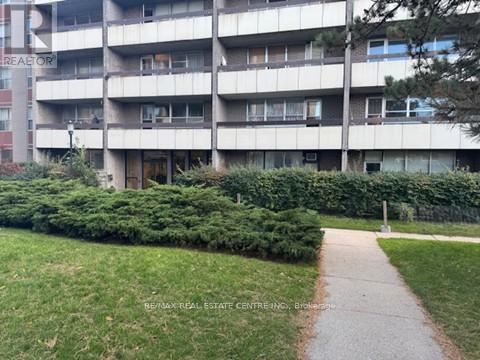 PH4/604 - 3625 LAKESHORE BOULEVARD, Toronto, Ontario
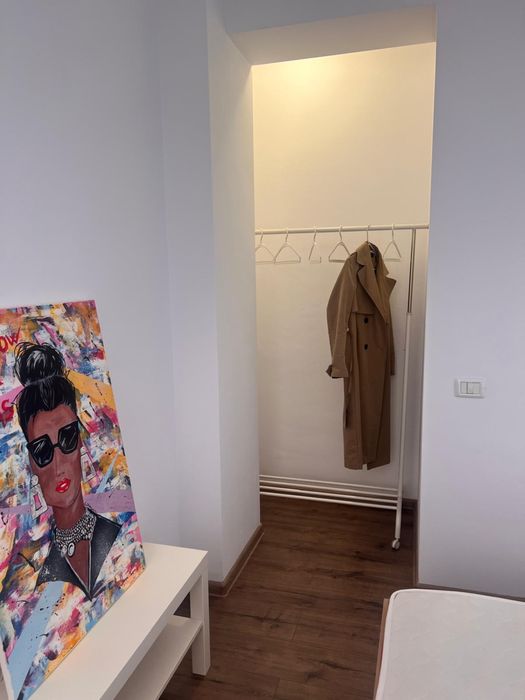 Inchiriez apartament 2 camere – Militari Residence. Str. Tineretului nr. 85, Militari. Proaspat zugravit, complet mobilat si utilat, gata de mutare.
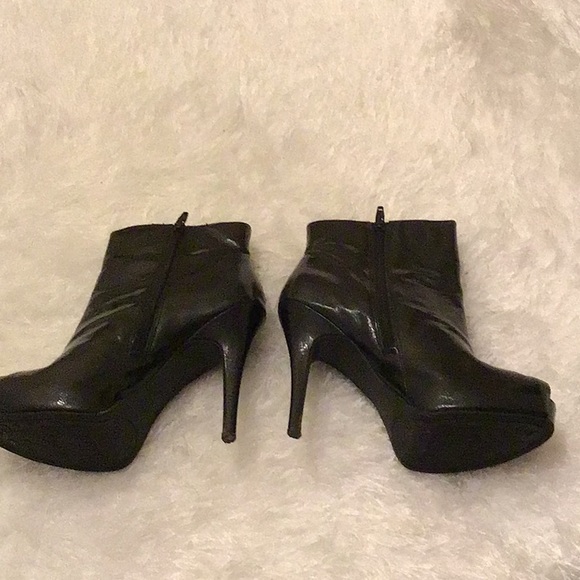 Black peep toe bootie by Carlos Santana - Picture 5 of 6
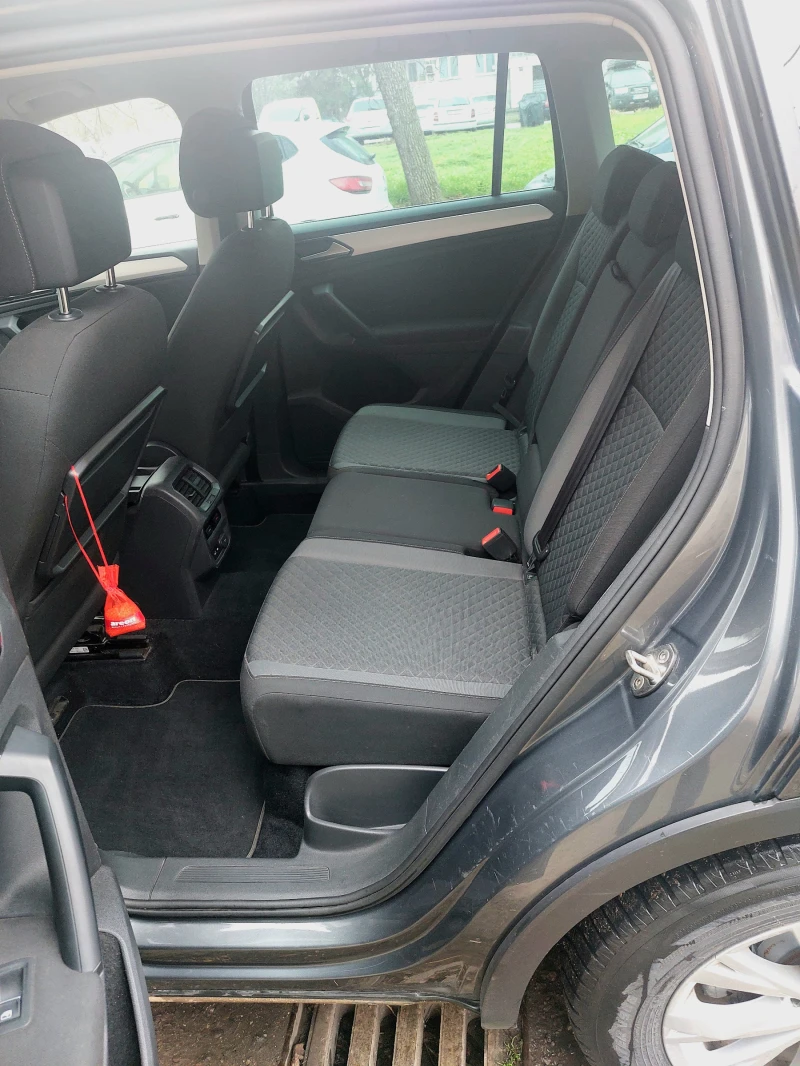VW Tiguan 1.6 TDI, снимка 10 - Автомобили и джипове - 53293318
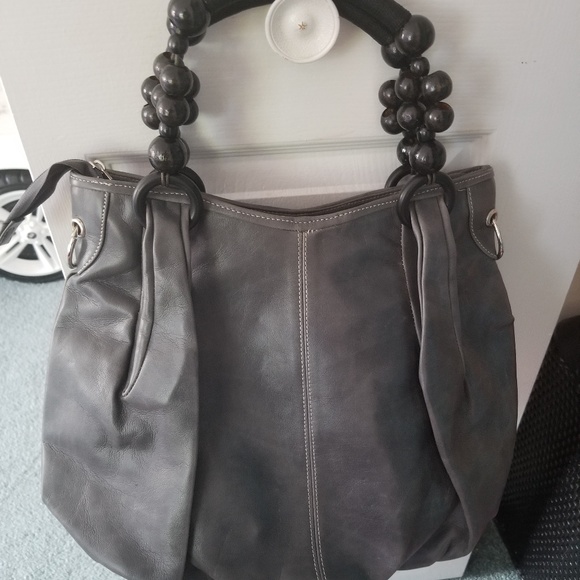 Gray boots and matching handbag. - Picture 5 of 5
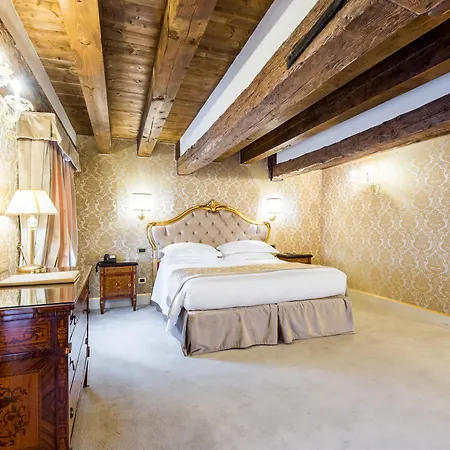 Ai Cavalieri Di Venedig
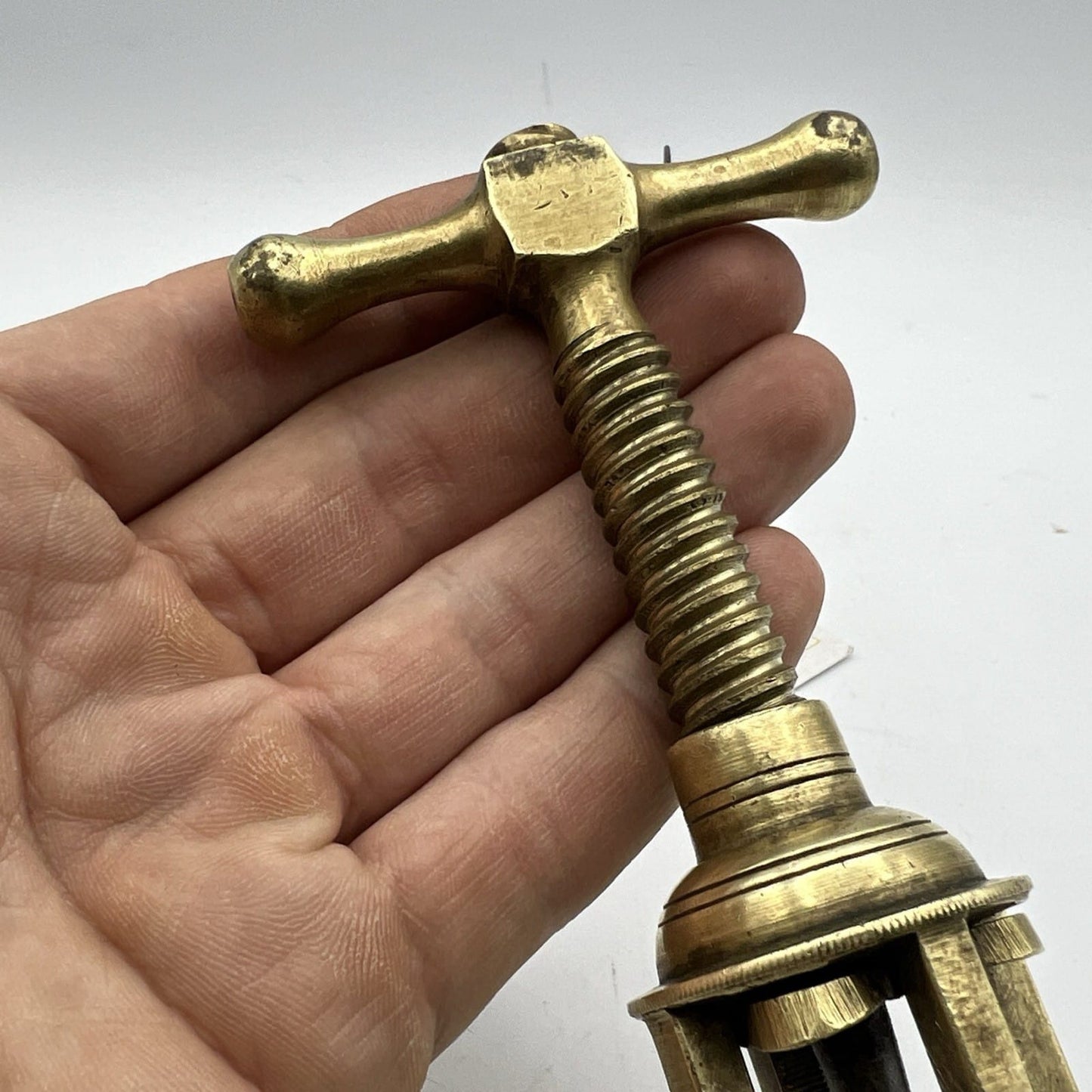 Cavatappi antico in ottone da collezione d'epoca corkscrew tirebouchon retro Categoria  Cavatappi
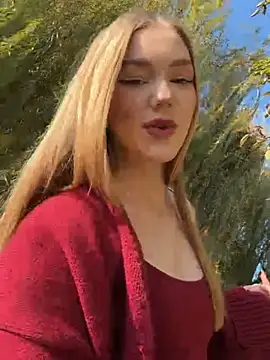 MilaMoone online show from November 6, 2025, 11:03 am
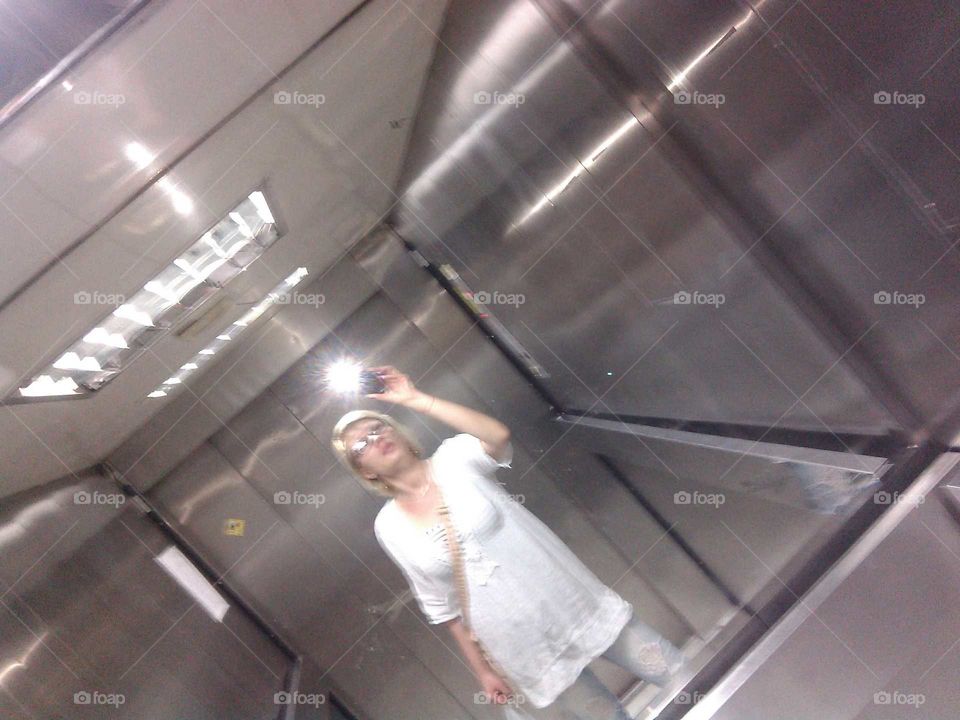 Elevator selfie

════════

Work request: Apart from the pictures, return the records exactly.

Response area:
 PH4/604 - 3625 LAKESHORE BOULEVARD, Toronto, Ontario
 Inchiriez apartament 2 camere – Militari Residence. Str. Tineretului nr. 85, Militari. Proaspat zugravit, complet mobilat si utilat, gata de mutare.
 Black peep toe bootie by Carlos Santana - Picture 5 of 6
VW Tiguan 1.6 TDI, снимка 10 - Автомобили и джипове - 53293318
 Gray boots and matching handbag. - Picture 5 of 5
 Ai Cavalieri Di Venedig
 Cavatappi antico in ottone da collezione d'epoca corkscrew tirebouchon retro Categoria  Cavatappi
 MilaMoone online show from November 6, 2025, 11:03 am
 Elevator selfie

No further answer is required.